Section 2. Power of Directors. Subject to the right of shareholders as
provided in Section 1 of this Article to adopt, amend or repeal Bylaws, Bylaws
may be adopted, amended or repealed by the Board of Directors as provided or
permitted by law.
ARTICLE X
EMERGENCY
Section 1. "Emergency" as used in this Article means disorder,
disturbance or damage caused by war, enemy attack, other warlike acts or by
catastrophe, disaster or other similar emergency condition, which prevents the
conduct and management of the affairs and business of the Company by the Board
of Directors and officers in the manner provided for in other Articles of these
Bylaws. The powers and duties conferred and imposed by this Article, and any
resolutions adopted pursuant hereto, shall be effective only during an
emergency. This Article may be implemented from time to time by resolutions
adopted by the Board of Directors before or during an emergency, or during an
emergency by the emergency Board of Directors constituted and then acting
pursuant hereto. An emergency, once commenced, shall be deemed to continue until
terminated by resolutions adopted for that purpose by the Board of Directors.

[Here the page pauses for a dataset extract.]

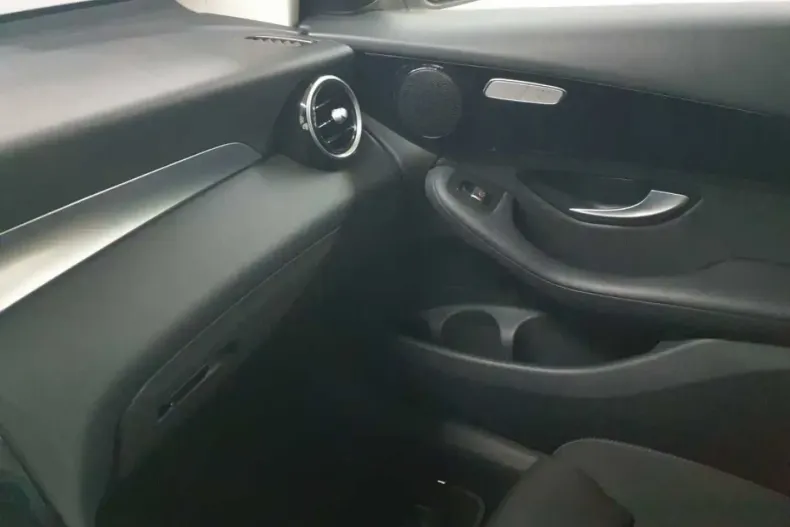 Mercedes-Benz GLC 300 (Clasa GLC) din 2022 cu 54.712 km - oferta MER197685 - foto 11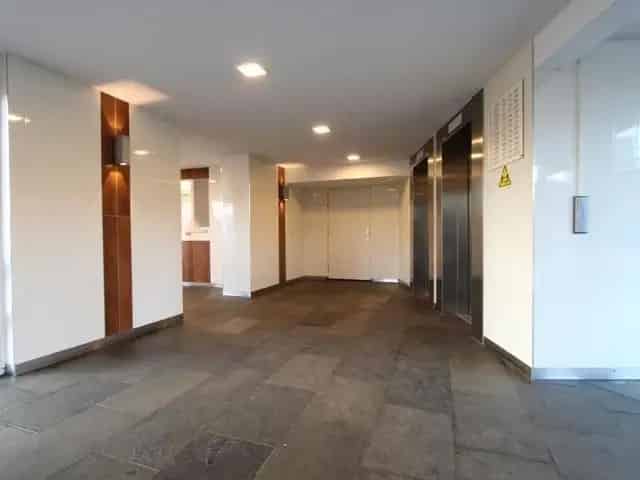 2 Slaapkamer Appartement Amsterdam Noord Metro Prive Parkeerplaats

Section 2. If, during any emergency, a quorum of the Board of Directors
is not available to serve, then, in the following order of priority, any
available director and as many other Vice Presidents (or, in case of their
inability, any other officers), in order of seniority, as may be necessary from
time to time to constitute a total of two emergency directors, shall be and
constitute the Board of Directors, and as such shall have and exercise the
fullest power of the Board of Directors for the conduct and management of the
affairs and business of the Company permitted by law, provided that such
emergency Board of Directors as so constituted shall comply to the extent
practicable under the circumstances with the provisions of ARTICLE III of these
Bylaws relating to annual and special meetings of shareholders. Any two of such
emergency directors shall constitute a quorum.
Section 3. During any emergency, the officers and employees of the
Company shall continue, so far as possible, to conduct the Company's affairs and
business under the guidance of the Board of Directors acting pursuant to this
Article and in accordance with known orders of governmental authorities.